We both know New York City quite well. Trish came to New York to attend Columbia University and then built her career and started her family there. Rob was born in Manhattan and likewise studied, lived and worked in the city for decades.
Under the leadership of Rudy Giuliani and then Michael Bloomberg, New York City thrived as the global financial capital of the world. Together, these two mayors built a strong economic foundation for the city out of the wreckage of the 1980s crack epidemic.
Subsequent mayors may have been less talented but at least benefited from a strong hand that was left to them.
Cities, like countries, do not just thrive on their own. Success requires leadership.
Bloomberg leans left on many social issues, but he was relatively tough on crime. In fact, his support for “stop-and-frisk” policing practices helped end his very short-lived bid to become the 2020 Democrat Presidential candidate.
Bloomberg also deserves credit for several smart moves to develop New York economically and catalyze the city’s transformation into a major technology hub.
As an entrepreneur, Bloomberg sat at the intersection of finance and technology. He built from scratch what would become the world’s most important and relied upon financial information provider.
Thanks in no small part to various initiatives of his administration, leading tech companies—including Meta, Amazon, Microsoft, IBM, Shopify, and TikTok—established a large presence in the city. In the venture capital industry, New York now ranks second in the United States, trailing only Silicon Valley.

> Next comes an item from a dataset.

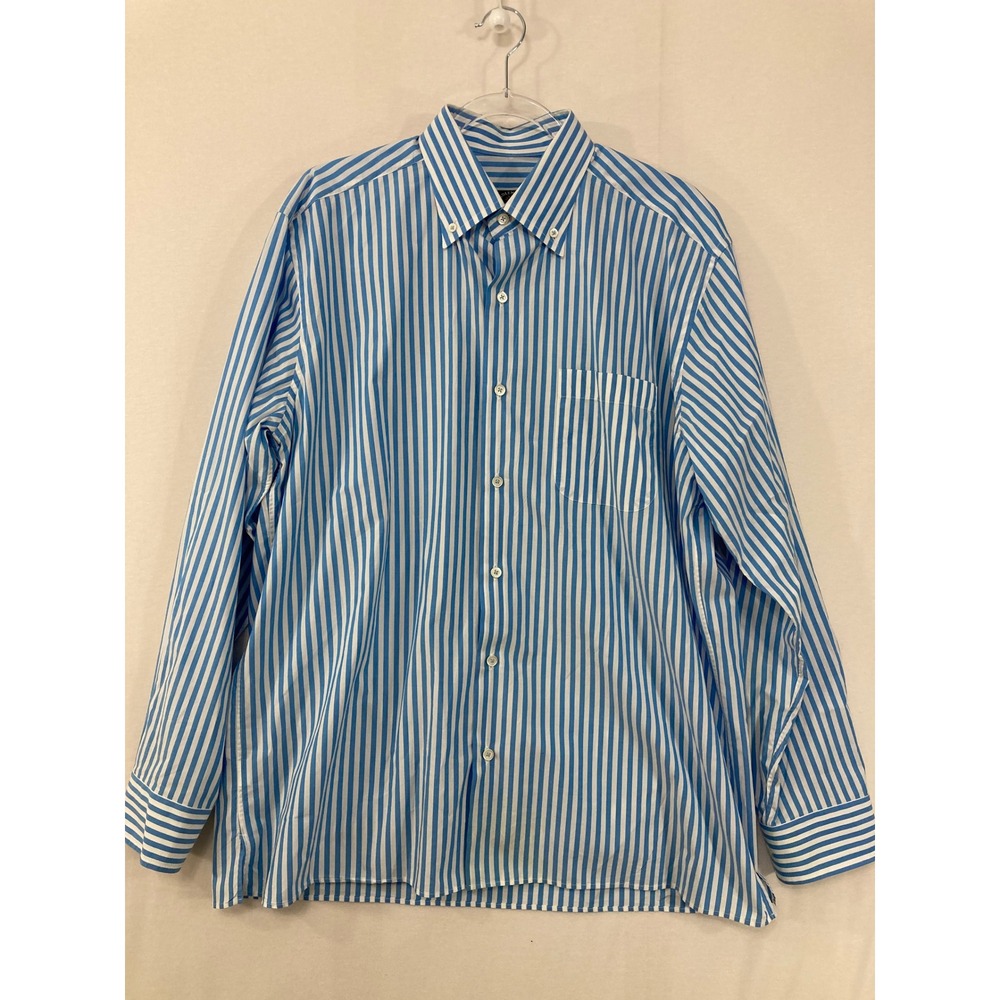 Solemare Maus & Hoffman Button Down Shirt Large Blue Striped Made in Italy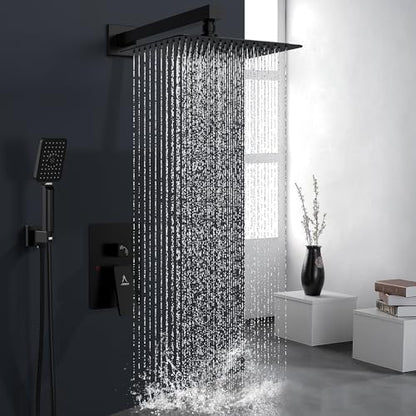 Rain Shower System 10IN Modern Brass Faucet Set With Valve and Diverter Shower Mixer With Handheld High Pressure Square Rainfall Shower Valve (10'' Wall Mount, Matte Black) - color: Matte Black, style: 10'' Wall Mount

After the Global Financial Crisis, Bloomberg concluded that New York was too dependent on finance and wanted to build a stronger engineering and innovation economy.
In 2010, his administration launched the Applied Sciences NYC competition, offering Roosevelt Island land and $100 million in city funding to a university willing to build a new applied tech campus.
Cornell University, partnering with Technion-Israel Institute of Technology, won the bid to build a campus on Roosevelt Island. Bloomberg personally championed the project through rezoning, permitting, and financing decisions.
Cornell Tech opened in 2017. It has since produced thousands of highly trained computer science graduates, playing a role similar to Stanford or Berkeley in the Bay Area. Talent-driven big tech firms have repeatedly cited the institution as a reason that they set up shop in New York.
What’s next for NYC?
A newly elected mayor who cares about economic growth should be excited to inherit an asset as valuable as Cornell Tech. But Zohran Mamdani (who founded the Students for Justice in Palestine chapter at Bowdoin College, from which he graduated in 2014, a year after Bloomberg’s final term ended) has different priorities.
“There are ways to make what seems to be an international battle into a local one,” Mamdani said in 2020. “If you were to look at the lens of BDS [Boycott, Divestment and Sanctions] and how it applies here in New York City, you would say that Cornell-Technion is something you would be talking about.”
“Technion University is an Israeli University that has helped to develop a lot of weapons technology used by the IDF [Israel Defense Force],” he warned.
Mamdani has since stated that he intends to reassess the city’s commitment to Cornell Tech if elected, drawing from the BDS playbook of using political power to penalize Israel economically.
The Cornell Tech initiative is not the lynchpin of the New York City economy, but Mamdani’s hostility to it exemplifies his mindset. This is one of many positions held by Mamdani that have the potential to erode New York’s attractiveness as a destination for employers.
The anti-Bloomberg
If mayors like Giuliani and Bloomberg were committed to making New York an economic success story, Mamdani’s policy plans seem purpose-built for turning it into a disaster zone.
Consider his plans to change corporate tax rates. Mamdani wants to bring the highest marginal rates on corporate income up from an already high 7.25% to 11.5%, giving firms an immediate financial incentive to relocate.
Perhaps the most important variable that companies consider when setting up shop or expanding in a particular location is, will prospective employees want to live here?
People tend to think that companies lease fancy office space to impress customers or investors, but the main priority—as any major office landlord will tell you—is to attract workers.
Who wants to work in an inconveniently located office with no amenities, bad views, outdated fixtures and broken elevators?
The same logic applies to the city in which these offices are located. There is no point in leasing office space in a city this is unappealing to potential workers.
Mamdani intends to raise the marginal income tax rate by 2% on the city’s highest earners. This would make marginal individual income tax rates by far the highest in the U.S.